As many still stipulated on whether this story was true or not, the group of Californians mentioned before who call themselves the Waldos published documents in order to give this theory some legitimacy. Screen Shot spoke to one of the Waldos, Steve Capper, about why people seem to still doubt the origin of the term: “Many people have their own ideas and fantasies about friends and relatives who supposedly started ‘420’. The Waldos have created a whole culture of fake 420 claimers. The one thing that all these doubters have in common is not one shred of proof to their claims which might create doubt on their side.”

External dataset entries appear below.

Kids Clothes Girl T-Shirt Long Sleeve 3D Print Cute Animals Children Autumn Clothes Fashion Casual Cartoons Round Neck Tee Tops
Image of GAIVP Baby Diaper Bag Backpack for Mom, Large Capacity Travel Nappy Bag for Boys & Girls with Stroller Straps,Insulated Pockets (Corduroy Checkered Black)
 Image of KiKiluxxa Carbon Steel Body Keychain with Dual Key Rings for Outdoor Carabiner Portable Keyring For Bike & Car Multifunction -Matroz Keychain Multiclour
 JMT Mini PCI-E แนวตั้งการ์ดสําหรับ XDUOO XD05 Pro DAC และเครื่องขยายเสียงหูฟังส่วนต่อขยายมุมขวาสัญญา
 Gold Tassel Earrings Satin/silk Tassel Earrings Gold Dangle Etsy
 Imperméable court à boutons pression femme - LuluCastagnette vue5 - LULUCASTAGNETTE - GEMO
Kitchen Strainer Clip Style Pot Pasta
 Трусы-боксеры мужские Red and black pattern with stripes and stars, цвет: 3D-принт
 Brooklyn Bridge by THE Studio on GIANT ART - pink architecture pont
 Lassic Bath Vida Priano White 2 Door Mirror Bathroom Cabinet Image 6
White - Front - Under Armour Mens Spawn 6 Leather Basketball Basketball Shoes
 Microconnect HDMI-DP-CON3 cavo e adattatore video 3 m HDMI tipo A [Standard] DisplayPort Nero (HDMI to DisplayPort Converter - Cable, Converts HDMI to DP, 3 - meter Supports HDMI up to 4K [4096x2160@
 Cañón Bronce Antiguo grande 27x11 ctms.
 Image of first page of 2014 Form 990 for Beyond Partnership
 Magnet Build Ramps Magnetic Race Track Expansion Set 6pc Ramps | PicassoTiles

Capper certified that the Waldos are the only group of people with documented proof of their claims, which has been looked at by experts and international media and kept “in a vault in San Francisco at 420 Montgomery Street.”
Whatever its origins, 4/20 has become a very important holiday for weed smokers. As soon as the saying caught on and the Grateful Dead eventually picked it up, what was a simple code shared between a few stoners became the worldwide event for smokers that it is today. Originally a counterculture holiday to protest the social and legal stigmas against marijuana, 420 has also become the perfect opportunity for businesses and corporations to cash in on marijuana culture.
This year, those of you who looked forward to celebrating 420 with other marijuana enthusiasts will have to settle for a solo sesh at home. So get your laptop out, log in on your Zoom account, close your door and get ready to smoke it up, self-isolation style.